§ **What to produce**
Please output the listing exactly as it stands, but omit any images.

==*==

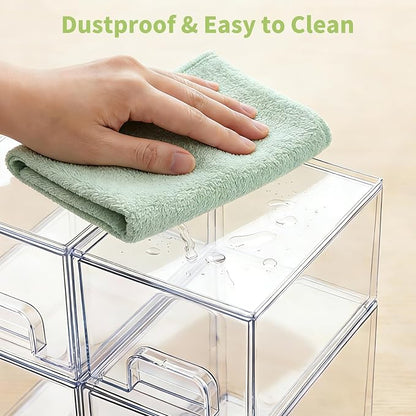 Bottle Storage Organizer Baby: Clear Stackable Storage Drawers, Acrylic Bottles - Image 7
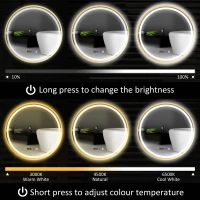 Lustro łazienkowe LED 60 cm z dotykowym włącznikiem(m-4)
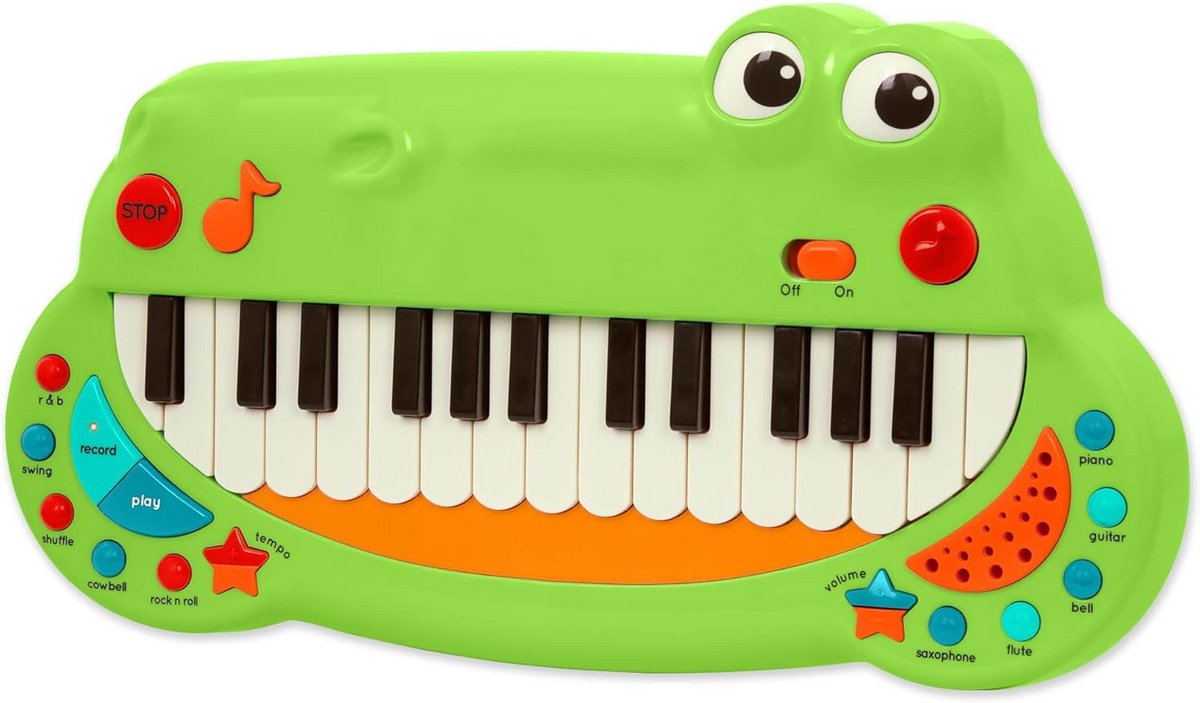 Muzikale Krokodil Toetsenbordpiano voor Peuters – Creatieve Speelgoed met 5 Instrumentinstellingen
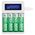Ładowarka Deltaco USB Battery charger for 4xAA/AAA Ni-MH/N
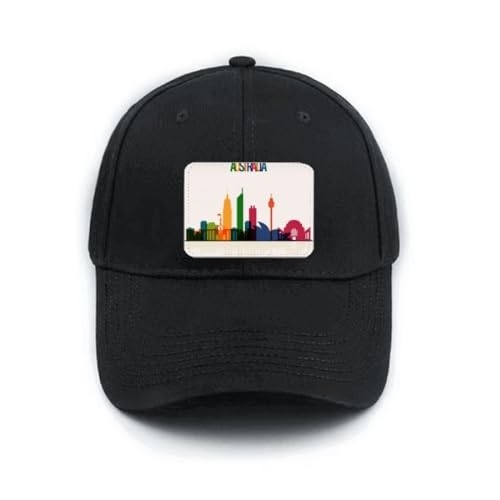 Casquette classique réglable noire Australie pour masquer le soleil avec style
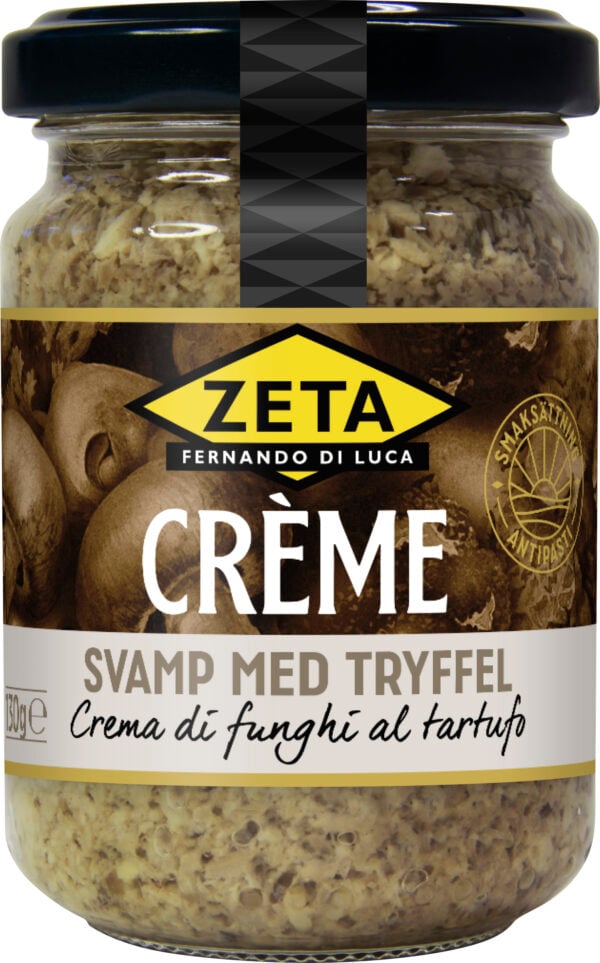 Crème av svamp med tryffel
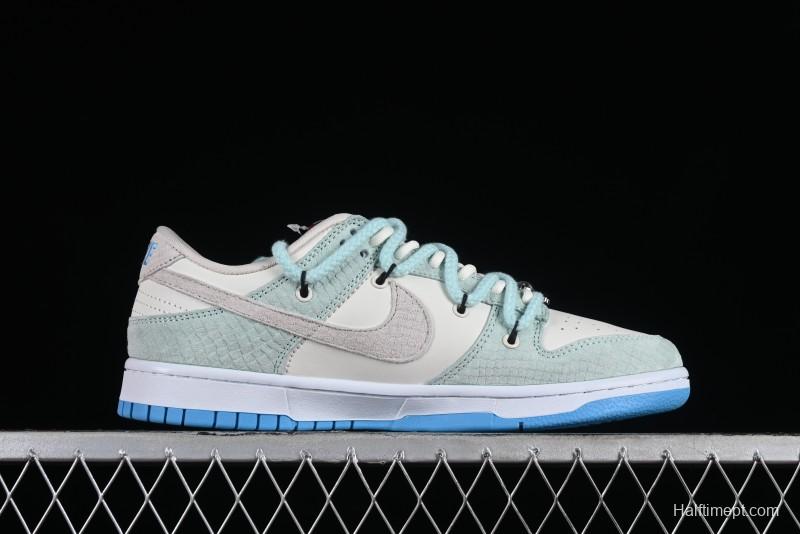 Nike SB Dunk Low Year of the Dragon Limited Edition - Gray Hook Dragon Soaring High Anniversary Premium Custom Low-Top Casual Skate Shoes - SJ2068-230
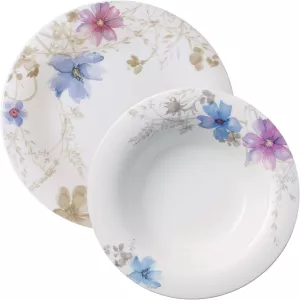 Jídelní souprava VILLEROY & BOCH Mariefleur Gris Basic,12dílná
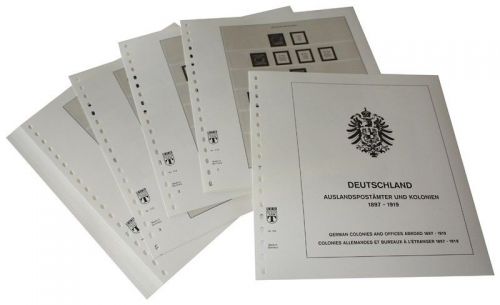 Lindner-T Dt. Auslandspostämter und Kolonien 1897-1919 Vordrucke T113 neuwertig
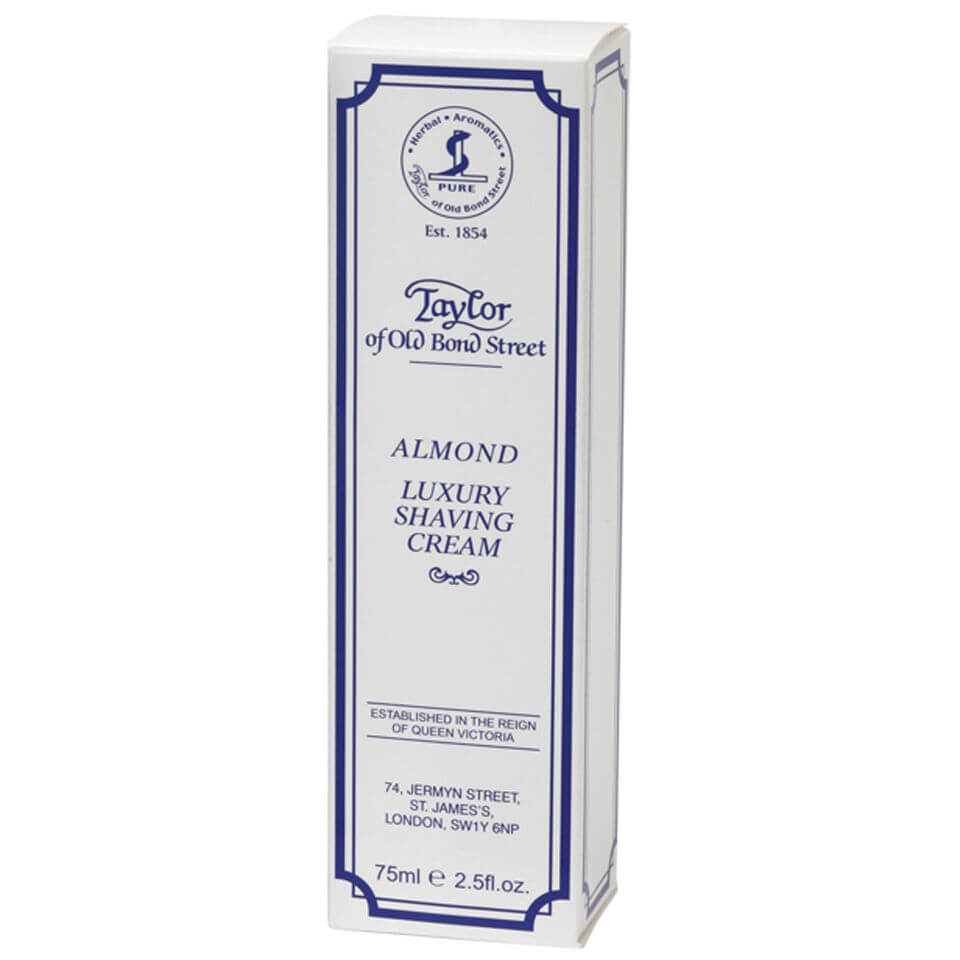 Tubo de crema de afeitar de Taylor of Old Bond Street (75 g) - Almendra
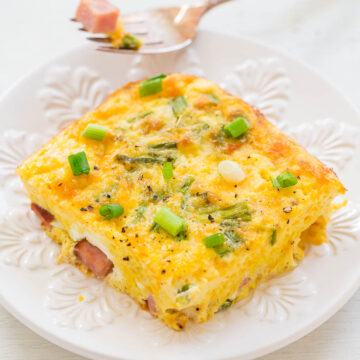 Baked Ham and Cheese Omelet - Averie Cooks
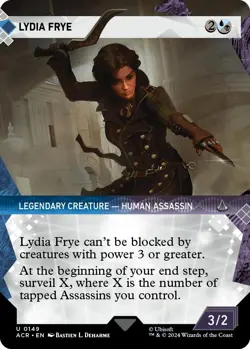 Lydia Frye (Showcase) Foil Universes Beyond: Assassin's Creed LP MTG - Image 1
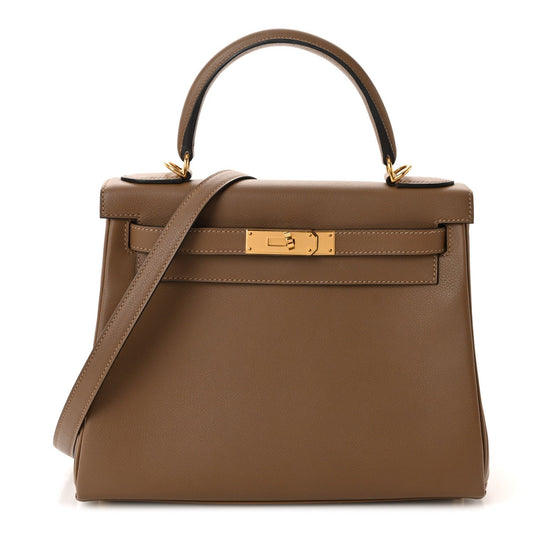 Evercolor Kelly Retourne 28  Beige De Weimar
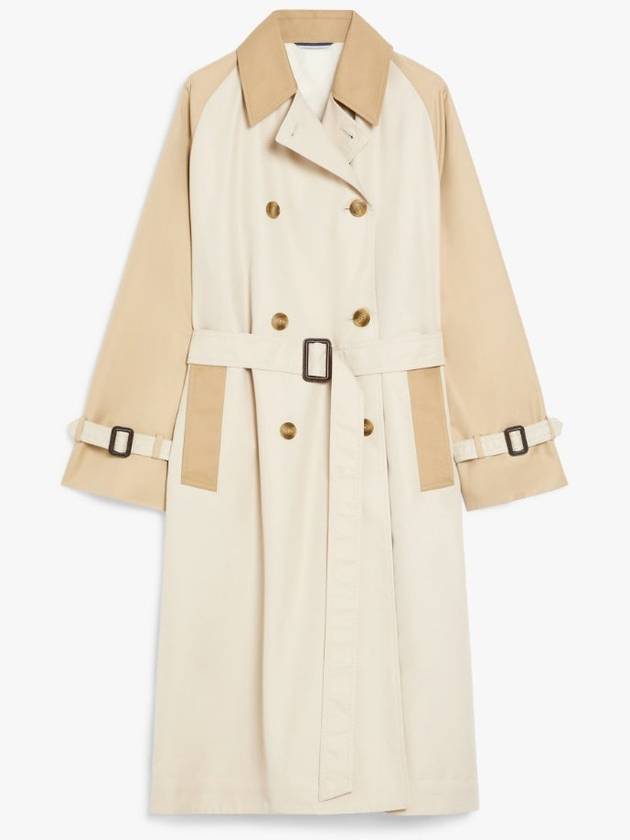 IT42 25SS MAXMARA 위켄드 막스마라 CANASTA 카나스타 발수 리버시블 트렌치코트 025 아이스 50210151 025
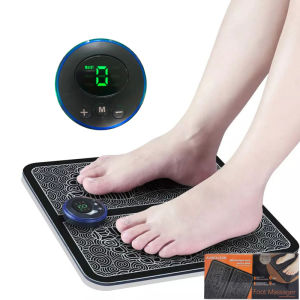 BBG Electric EMS Foot Massage Pad: Portable & Rechargeable Muscular Massager
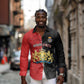 Personalized Kingdom of Haiti Long Sleeve Button Shirt Sans-Souci Palace Flag Style - African Pride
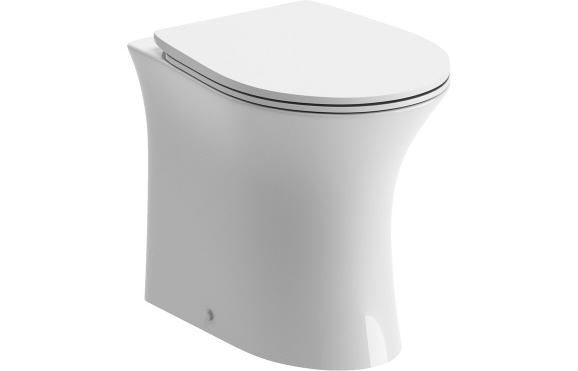 Sandro Soft Close Toilet Seat - White Sandro Soft Close Toilet Seat - White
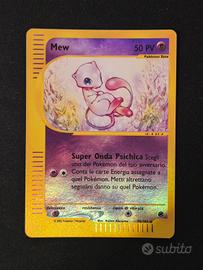 Pokemon Mew 55/165 Reverse Holo ITA Expedition Set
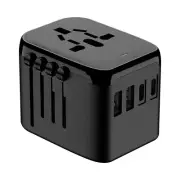 Universal Travel Adapter 2 USB 2 Type C Worldwide Multi Plug UK EU AU US Charger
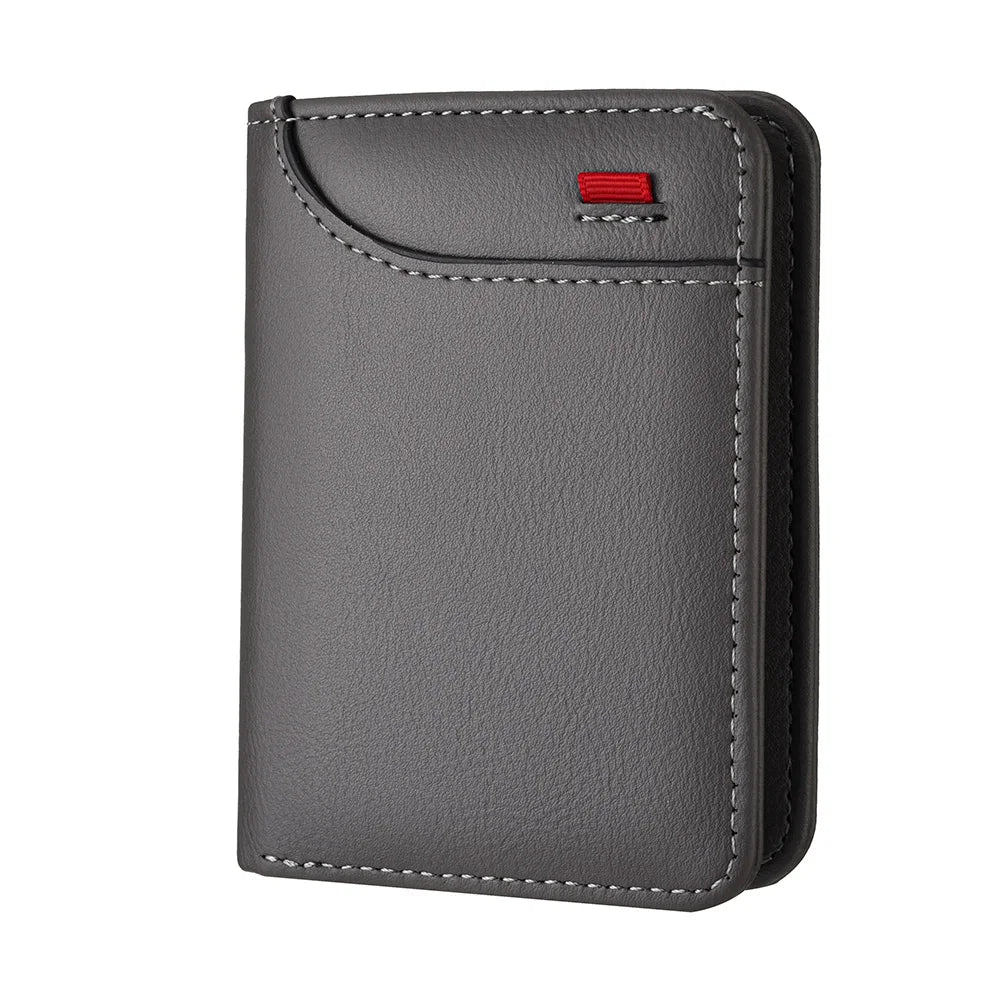 Men's Wallet Vertical Multi Card Small Wallet Driver's License Youth Mini Student Change Bag Card Bag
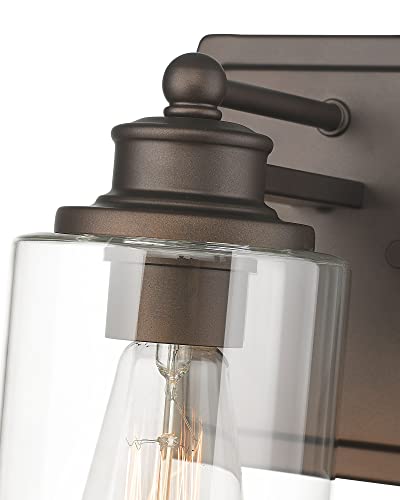 Bathroom Vanity Light, HWH 1 Light Wall Sconce Lamp Over Mirror, Farmhouse Wall Vanity Lighting in Oil-Rubbed Bronze Finish, 5HLT63B ORB - color: ORB, size: 1 Light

==*==

§ **Solution to this exercise**
 Bottle Storage Organizer Baby: Clear Stackable Storage Drawers, Acrylic Bottles - Image 7
 Lustro łazienkowe LED 60 cm z dotykowym włącznikiem(m-4)
 Muzikale Krokodil Toetsenbordpiano voor Peuters – Creatieve Speelgoed met 5 Instrumentinstellingen
Ładowarka Deltaco USB Battery charger for 4xAA/AAA Ni-MH/N
 Casquette classique réglable noire Australie pour masquer le soleil avec style
 Crème av svamp med tryffel
 Nike SB Dunk Low Year of the Dragon Limited Edition - Gray Hook Dragon Soaring High Anniversary Premium Custom Low-Top Casual Skate Shoes - SJ2068-230
 Jídelní souprava VILLEROY & BOCH Mariefleur Gris Basic,12dílná
 Lindner-T Dt. Auslandspostämter und Kolonien 1897-1919 Vordrucke T113 neuwertig
 Tubo de crema de afeitar de Taylor of Old Bond Street (75 g) - Almendra
 Baked Ham and Cheese Omelet - Averie Cooks
 Lydia Frye (Showcase) Foil Universes Beyond: Assassin's Creed LP MTG - Image 1
 Evercolor Kelly Retourne 28  Beige De Weimar
 IT42 25SS MAXMARA 위켄드 막스마라 CANASTA 카나스타 발수 리버시블 트렌치코트 025 아이스 50210151 025
 BBG Electric EMS Foot Massage Pad: Portable & Rechargeable Muscular Massager
 Personalized Kingdom of Haiti Long Sleeve Button Shirt Sans-Souci Palace Flag Style - African Pride
 Sandro Soft Close Toilet Seat - White Sandro Soft Close Toilet Seat - White
 Pokemon Mew 55/165 Reverse Holo ITA Expedition Set
 Universal Travel Adapter 2 USB 2 Type C Worldwide Multi Plug UK EU AU US Charger
 Men's Wallet Vertical Multi Card Small Wallet Driver's License Youth Mini Student Change Bag Card Bag
 Bathroom Vanity Light, HWH 1 Light Wall Sconce Lamp Over Mirror, Farmhouse Wall Vanity Lighting in Oil-Rubbed Bronze Finish, 5HLT63B ORB - color: ORB, size: 1 Light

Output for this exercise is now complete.